In the current quarter, AAL forecasts adjusted earnings per share between $0.45 and $0.75, which is higher than Wall Street’s current estimate of $0.31. According to the median estimate, American Airlines will end 2025 with earnings of $0.80 per share, well above the consensus estimate of $0.43 per share.

American Airlines’ improved performance reflects broader changes in travel patterns that have reshaped the airline industry. Summer used to be the most profitable period for airlines, but that is changing as people prefer to travel in the fall or winter, when popular destinations are less crowded.

In 2025, the airline industry has struggled with an oversupply of domestic flights, which has affected results. In recent months, airlines have struggled with tepid customer demand as economic uncertainty and changing tariff policies made travelers cautious about spending. Airlines responded by scaling back growth plans and cutting capacity to avoid flying unprofitable routes.

In the fourth quarter, American Airlines aims to increase its capacity by 4% year over year (YoY). This measured approach indicates a focus on profitability over aggressive expansion. The airline reported a net loss of $114 million in the third quarter, with revenue increasing just 0.3% compared to a year earlier.

While still in the red, the results showed a sequential improvement from earlier in the year, when demand was weaker. The company’s ability to exceed expectations and improve its outlook suggests that operational adjustments are starting to bear fruit as the year draws to a close.

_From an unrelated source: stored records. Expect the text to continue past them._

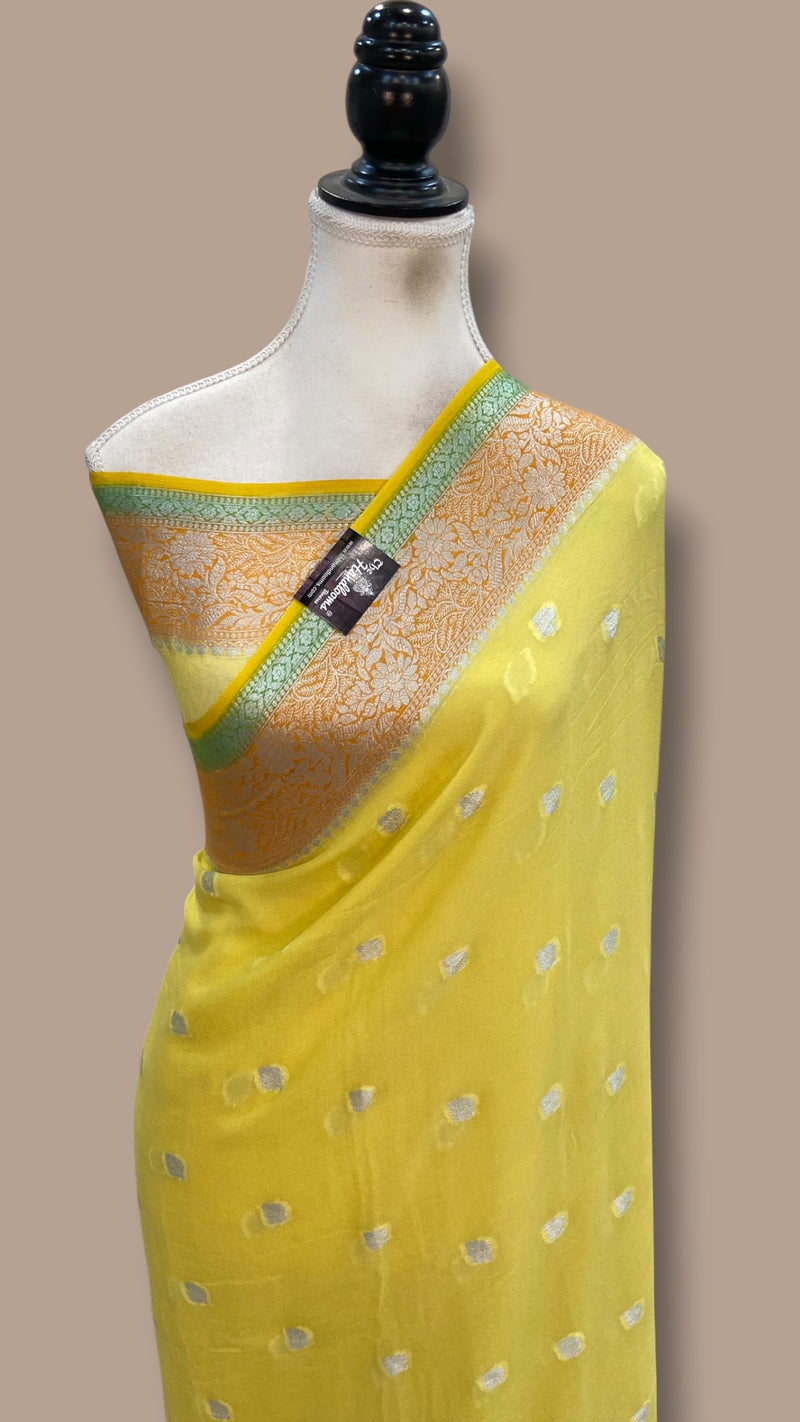 Pure Chiffon Khaddi Banarasi Saree - The Handlooms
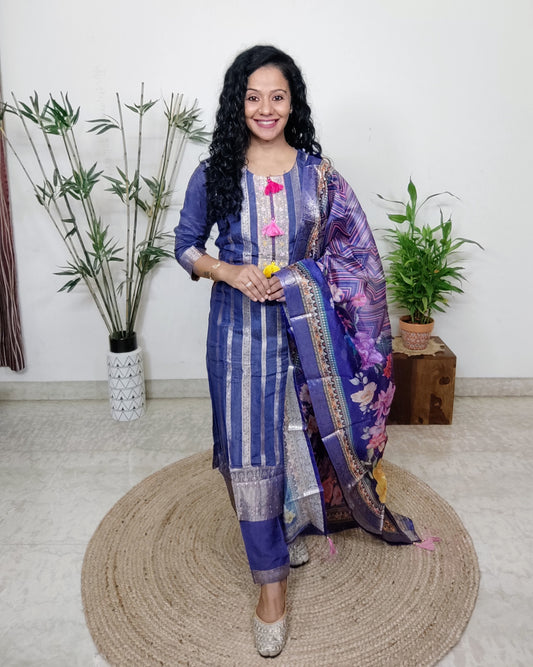Blue suits paired with organza silk dupatta
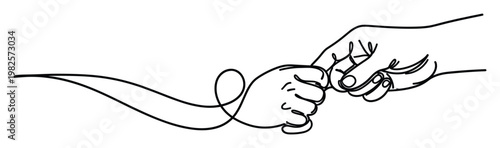 Continuous line drawing depicting two hands, one larger and one smaller, connected by an unbroken line, symbolizing connection, family, and support, suitable for various graphic applications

Analysts who follow AAL stock forecast that adjusted earnings will rise from $0.77 per share in 2025 to $3.26 per share in 2028. If the airline is priced at 7.5 times forward earnings, which is in line with its three-year average, AAL stock could double over the next two years.

Of the 18 analysts covering American Airlines stock, nine recommend a “Strong Buy,” eight recommend a “Hold,” and one recommend a “Strong Sell.” The average price target for AAL stock is $15.56, which is above the current price of $12.54.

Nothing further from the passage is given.